La baisse des voyages vers les États-Unis pourrait être plus importante à première vue, selon des chercheurs canadiens.
Les premières estimations, fondées sur les passages frontaliers du Canada vers les États-Unis, laissaient entrevoir une baisse d’environ 25%, ont écrit des chercheurs de l’Université de Toronto, citant des données de Statistique Canada.
Ce texte est une traduction d’un article de CTV News.
Les conclusions récentes, affirment les chercheurs Karen Chapple, Yihoi Jung et Jeff Allen, suggèrent que cette analyse des passages frontaliers d’une année sur l’autre ne donne pas une image complète de la situation.
Le groupe s’est plutôt penché sur l’activité des téléphones portables dans les grandes agglomérations américaines et a déclaré avoir constaté une baisse médiane des visites de 42%.
«Cela signifie que les données sur les passages frontaliers ne reflètent pas l’intégralité de la baisse des voyages d’affaires et liée au commerce des Canadiens et que lorsque les Canadiens se rendent aux États-Unis, ils visitent moins de destinations et y restent moins longtemps qu’auparavant», ont écrit Chapple, Jung et Allen.
Quelles villes américaines ont été les plus touchées?
Myrtle Beach, en Caroline du Sud, a enregistré la plus forte baisse (65,4%) des voyages canadiens entre 2024-2025 et 2025-2026, selon les données.
Les villes floridiennes de Panama City, Orlando, Cape Coral, Miami, Naples et North Port figurent toutes dans le top 10, tout comme Yuma (Arizona), Brownsville (Texas) et San Francisco. Les grandes villes touristiques et les villes situées en zone frontalière ont également été touchées, d’après les données de téléphonie mobile.
L’étude suggère que 50 grandes agglomérations américaines ont enregistré une baisse des voyages en provenance du Canada de 50% ou plus au cours de la période examinée. Seules trois des 267 villes étudiées ont vu le nombre de voyageurs augmenter : Portland (Oregon), Gainesville (Floride) et Cleveland.
Derrière les chiffres
Le trio, en collaboration avec la School of Cities de l’Université de Toronto, a cartographié ces données dans le cadre d’un projet intitulé Mapping Tariffs, qui vise à mesurer les répercussions des politiques commerciales du président américain Donald Trump, des menaces d’annexion et des tensions politiques qui en découlent.
Les données proviennent d’appareils canadiens surveillés entre avril 2024 et mars 2026. Pour qu’un déplacement soit pris en compte, un téléphone devait s’arrêter au Canada, puis aux États-Unis, avant de revenir au Canada. De plus amples informations et les données elles-mêmes sont disponibles sur la page Mapping Tariffs.
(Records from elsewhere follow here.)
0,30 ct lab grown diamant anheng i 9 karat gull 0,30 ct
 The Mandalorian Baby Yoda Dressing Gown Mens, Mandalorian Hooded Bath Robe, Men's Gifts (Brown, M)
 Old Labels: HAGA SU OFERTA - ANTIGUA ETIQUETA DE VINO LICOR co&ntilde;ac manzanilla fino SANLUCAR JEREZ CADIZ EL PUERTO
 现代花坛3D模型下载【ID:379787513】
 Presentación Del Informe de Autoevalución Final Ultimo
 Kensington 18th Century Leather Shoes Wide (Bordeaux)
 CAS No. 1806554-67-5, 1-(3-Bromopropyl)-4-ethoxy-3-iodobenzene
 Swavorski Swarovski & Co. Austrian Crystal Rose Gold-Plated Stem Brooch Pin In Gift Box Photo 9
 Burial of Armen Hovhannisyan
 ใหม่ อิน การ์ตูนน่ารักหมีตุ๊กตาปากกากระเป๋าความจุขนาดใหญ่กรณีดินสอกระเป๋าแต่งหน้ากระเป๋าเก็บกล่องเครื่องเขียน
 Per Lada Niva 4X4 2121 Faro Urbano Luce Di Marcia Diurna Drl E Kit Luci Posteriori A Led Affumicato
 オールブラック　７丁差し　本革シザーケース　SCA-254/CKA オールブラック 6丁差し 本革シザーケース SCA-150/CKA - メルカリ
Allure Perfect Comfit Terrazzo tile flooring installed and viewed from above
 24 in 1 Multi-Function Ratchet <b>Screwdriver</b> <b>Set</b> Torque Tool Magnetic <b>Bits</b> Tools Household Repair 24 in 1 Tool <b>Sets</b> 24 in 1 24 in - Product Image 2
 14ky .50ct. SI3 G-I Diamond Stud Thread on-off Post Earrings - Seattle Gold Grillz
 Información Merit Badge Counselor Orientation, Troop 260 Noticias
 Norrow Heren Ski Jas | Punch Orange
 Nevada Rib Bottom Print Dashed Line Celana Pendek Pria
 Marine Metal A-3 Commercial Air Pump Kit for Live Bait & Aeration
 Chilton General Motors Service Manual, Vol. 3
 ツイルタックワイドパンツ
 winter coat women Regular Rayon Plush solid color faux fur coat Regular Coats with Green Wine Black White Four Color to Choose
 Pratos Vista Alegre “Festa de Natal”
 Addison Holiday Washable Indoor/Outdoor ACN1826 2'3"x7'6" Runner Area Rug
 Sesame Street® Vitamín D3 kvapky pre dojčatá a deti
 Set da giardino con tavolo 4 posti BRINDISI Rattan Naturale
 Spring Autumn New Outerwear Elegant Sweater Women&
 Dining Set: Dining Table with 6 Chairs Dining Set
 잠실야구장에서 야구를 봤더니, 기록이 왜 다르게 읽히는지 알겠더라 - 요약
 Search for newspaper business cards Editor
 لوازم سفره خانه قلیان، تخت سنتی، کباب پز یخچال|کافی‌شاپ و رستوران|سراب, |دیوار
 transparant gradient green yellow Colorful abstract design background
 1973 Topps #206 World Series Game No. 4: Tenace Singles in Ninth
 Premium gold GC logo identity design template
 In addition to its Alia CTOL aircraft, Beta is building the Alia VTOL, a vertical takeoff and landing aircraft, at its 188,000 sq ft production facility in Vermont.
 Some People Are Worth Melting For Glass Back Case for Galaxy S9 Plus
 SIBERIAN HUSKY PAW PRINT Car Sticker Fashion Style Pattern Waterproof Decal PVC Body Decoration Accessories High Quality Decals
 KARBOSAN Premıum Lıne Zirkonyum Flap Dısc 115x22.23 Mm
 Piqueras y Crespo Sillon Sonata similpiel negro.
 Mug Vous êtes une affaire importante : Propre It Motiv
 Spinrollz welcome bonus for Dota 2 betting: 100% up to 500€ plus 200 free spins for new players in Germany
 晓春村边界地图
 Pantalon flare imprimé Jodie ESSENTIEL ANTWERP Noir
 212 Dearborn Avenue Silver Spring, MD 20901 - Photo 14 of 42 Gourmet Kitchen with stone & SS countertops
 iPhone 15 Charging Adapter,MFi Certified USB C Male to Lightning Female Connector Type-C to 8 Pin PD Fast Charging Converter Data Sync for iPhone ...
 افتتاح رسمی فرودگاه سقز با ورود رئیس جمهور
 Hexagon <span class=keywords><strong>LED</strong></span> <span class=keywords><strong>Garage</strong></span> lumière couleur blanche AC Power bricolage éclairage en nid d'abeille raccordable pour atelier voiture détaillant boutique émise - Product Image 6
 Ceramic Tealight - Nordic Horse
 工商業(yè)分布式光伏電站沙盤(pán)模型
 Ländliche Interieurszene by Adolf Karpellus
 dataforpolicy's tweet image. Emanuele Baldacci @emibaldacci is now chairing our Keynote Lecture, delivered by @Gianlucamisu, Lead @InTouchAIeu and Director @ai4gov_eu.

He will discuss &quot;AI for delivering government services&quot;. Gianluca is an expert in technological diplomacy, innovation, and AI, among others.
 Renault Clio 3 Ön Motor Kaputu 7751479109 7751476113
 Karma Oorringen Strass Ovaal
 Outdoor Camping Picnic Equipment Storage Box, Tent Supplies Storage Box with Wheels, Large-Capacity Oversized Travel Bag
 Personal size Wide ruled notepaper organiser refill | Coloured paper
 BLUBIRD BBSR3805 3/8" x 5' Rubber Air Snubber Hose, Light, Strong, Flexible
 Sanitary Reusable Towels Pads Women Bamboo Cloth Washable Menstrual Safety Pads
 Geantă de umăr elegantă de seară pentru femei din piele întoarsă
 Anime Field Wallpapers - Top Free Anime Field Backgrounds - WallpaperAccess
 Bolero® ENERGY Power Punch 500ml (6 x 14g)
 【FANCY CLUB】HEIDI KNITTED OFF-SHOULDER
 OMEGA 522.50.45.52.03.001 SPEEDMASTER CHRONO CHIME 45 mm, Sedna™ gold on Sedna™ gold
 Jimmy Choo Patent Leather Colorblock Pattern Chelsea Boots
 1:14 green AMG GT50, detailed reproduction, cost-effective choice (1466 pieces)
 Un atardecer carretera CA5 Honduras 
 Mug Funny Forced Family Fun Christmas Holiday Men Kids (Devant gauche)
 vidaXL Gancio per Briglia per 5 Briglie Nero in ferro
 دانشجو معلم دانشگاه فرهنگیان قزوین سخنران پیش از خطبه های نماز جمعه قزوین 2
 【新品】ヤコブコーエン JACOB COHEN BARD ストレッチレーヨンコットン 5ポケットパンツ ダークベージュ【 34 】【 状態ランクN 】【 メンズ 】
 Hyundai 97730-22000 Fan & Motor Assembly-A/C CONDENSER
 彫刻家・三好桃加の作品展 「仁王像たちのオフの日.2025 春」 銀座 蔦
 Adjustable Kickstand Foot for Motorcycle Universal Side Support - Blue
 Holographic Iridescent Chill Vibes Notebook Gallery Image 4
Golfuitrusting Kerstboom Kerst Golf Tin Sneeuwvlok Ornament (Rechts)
L’une des différences réside dans le fait que ces données tiennent également compte du trafic de marchandises, ce qui n’est pas le cas des estimations relatives aux passages frontaliers, ont précisé les chercheurs.
Ils ont également noté que les données pouvaient inclure des Canadiens qui vivaient temporairement aux États-Unis et qui sont revenus s’installer au Canada.